[What you need to do]:
Within the listing below, give again exactly the lines between the one containing "Một cổ phiếu" and the one containing "Firmus AI-MATCH", inclusive, pictures left aside.

[Information supplied]:
----

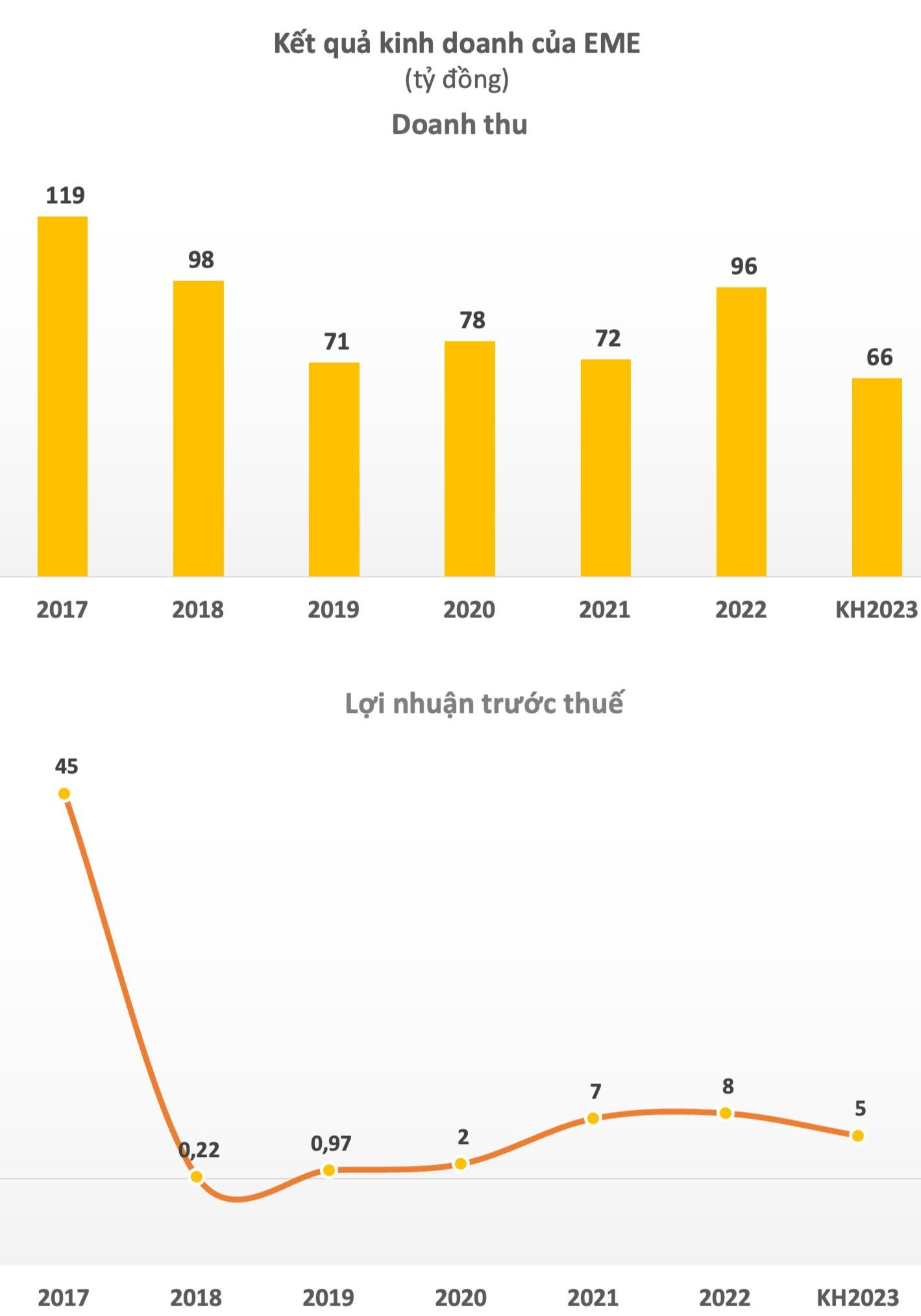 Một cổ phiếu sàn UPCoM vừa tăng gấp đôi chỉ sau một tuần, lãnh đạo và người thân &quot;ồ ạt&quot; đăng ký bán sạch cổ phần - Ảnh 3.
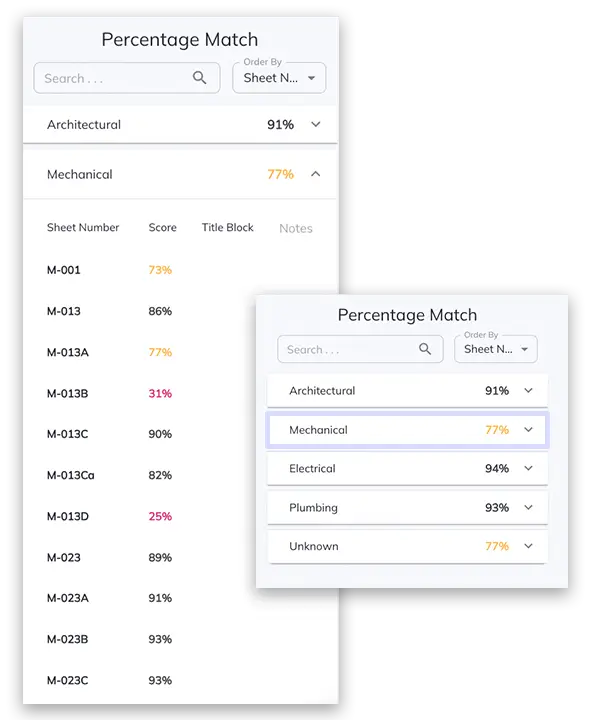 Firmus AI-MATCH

----

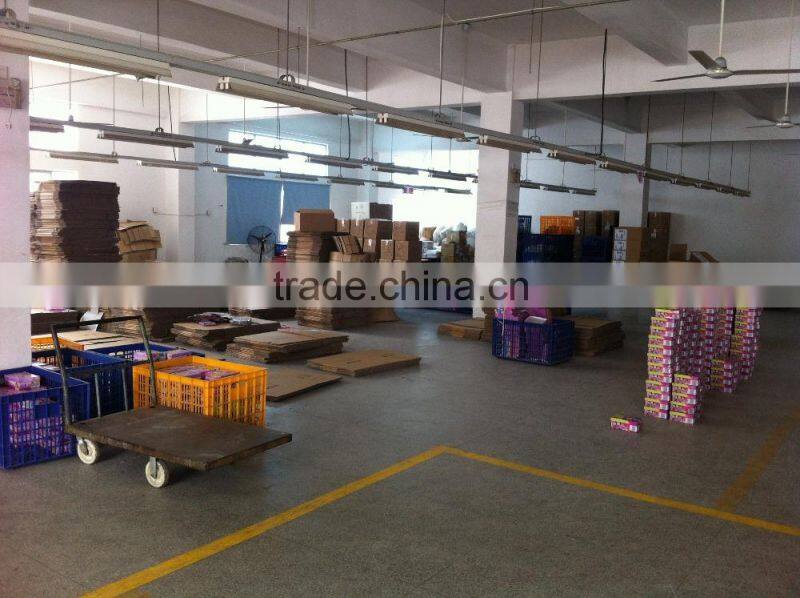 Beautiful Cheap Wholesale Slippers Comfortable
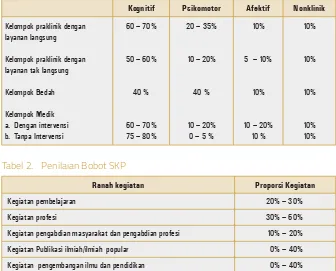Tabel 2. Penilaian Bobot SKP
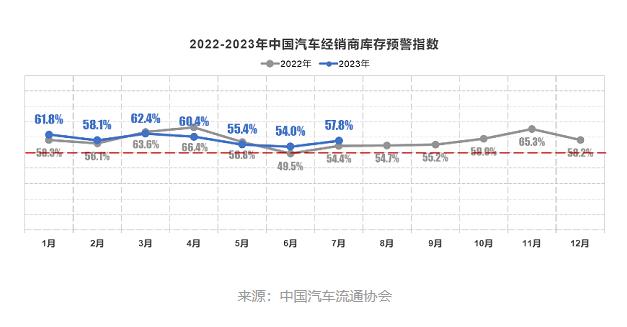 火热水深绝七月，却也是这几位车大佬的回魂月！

----

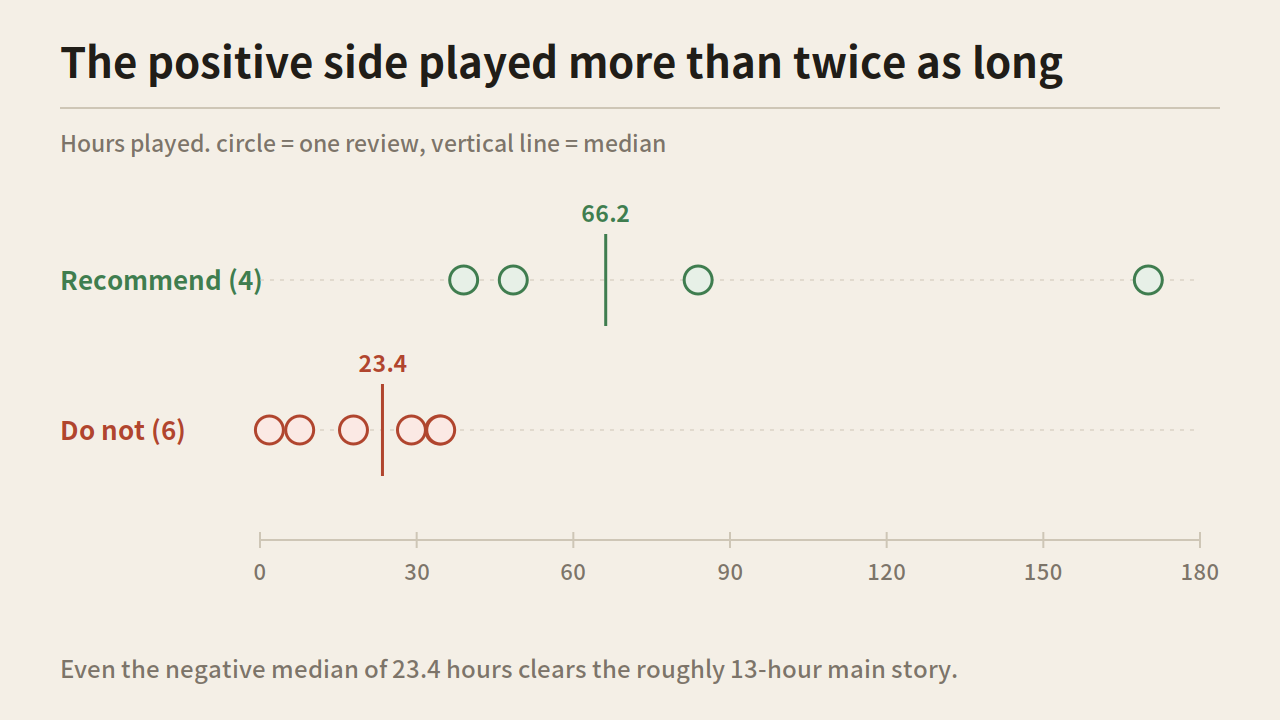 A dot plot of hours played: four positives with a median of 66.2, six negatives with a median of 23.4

----

[Solution for this exercise]:
 Một cổ phiếu sàn UPCoM vừa tăng gấp đôi chỉ sau một tuần, lãnh đạo và người thân &quot;ồ ạt&quot; đăng ký bán sạch cổ phần - Ảnh 3.
 Firmus AI-MATCH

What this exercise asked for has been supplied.